§ Work instruction
Spot each line in the data below containing "Adjustable" and copy it.

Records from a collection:
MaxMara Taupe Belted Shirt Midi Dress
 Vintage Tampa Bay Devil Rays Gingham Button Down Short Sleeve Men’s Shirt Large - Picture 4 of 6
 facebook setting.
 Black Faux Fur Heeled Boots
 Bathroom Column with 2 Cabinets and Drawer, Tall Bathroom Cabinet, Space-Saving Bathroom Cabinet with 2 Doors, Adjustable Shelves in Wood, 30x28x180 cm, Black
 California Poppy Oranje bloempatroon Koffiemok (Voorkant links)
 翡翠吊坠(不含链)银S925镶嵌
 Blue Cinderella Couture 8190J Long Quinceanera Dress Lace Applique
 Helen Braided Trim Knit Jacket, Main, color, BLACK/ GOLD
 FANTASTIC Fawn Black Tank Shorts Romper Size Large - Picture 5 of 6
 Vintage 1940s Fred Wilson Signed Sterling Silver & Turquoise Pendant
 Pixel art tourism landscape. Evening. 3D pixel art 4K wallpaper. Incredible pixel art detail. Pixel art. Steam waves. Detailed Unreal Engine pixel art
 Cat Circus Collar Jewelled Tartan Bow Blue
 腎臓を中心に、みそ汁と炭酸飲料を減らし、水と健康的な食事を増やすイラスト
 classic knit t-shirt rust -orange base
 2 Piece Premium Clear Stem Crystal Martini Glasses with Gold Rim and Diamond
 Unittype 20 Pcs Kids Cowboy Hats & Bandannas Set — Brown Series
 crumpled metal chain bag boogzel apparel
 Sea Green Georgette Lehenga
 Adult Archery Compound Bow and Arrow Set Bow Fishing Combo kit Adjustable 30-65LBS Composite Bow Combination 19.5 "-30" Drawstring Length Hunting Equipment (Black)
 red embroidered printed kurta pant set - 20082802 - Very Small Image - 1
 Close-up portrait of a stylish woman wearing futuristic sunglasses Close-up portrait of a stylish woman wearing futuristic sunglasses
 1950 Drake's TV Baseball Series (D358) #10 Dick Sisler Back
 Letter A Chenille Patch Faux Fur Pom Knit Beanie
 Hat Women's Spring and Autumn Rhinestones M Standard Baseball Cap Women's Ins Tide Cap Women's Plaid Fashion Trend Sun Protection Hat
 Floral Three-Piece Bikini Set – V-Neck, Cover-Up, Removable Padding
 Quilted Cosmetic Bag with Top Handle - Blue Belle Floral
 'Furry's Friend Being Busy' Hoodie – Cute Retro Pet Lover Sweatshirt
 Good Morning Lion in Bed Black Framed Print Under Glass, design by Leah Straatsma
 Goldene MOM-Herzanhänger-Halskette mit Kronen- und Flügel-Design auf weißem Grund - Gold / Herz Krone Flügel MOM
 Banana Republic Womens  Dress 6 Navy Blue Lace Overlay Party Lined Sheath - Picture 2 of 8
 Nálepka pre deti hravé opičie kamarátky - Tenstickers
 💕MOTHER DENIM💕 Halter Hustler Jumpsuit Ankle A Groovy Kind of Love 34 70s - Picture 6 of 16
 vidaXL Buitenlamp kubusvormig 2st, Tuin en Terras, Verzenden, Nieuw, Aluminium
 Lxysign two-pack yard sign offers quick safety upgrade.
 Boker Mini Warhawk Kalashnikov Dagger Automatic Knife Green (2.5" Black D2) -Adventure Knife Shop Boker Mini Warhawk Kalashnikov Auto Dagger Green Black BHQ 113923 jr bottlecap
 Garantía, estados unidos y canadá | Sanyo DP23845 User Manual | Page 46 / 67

§ Solution for this problem
 Bathroom Column with 2 Cabinets and Drawer, Tall Bathroom Cabinet, Space-Saving Bathroom Cabinet with 2 Doors, Adjustable Shelves in Wood, 30x28x180 cm, Black
 Adult Archery Compound Bow and Arrow Set Bow Fishing Combo kit Adjustable 30-65LBS Composite Bow Combination 19.5 "-30" Drawstring Length Hunting Equipment (Black)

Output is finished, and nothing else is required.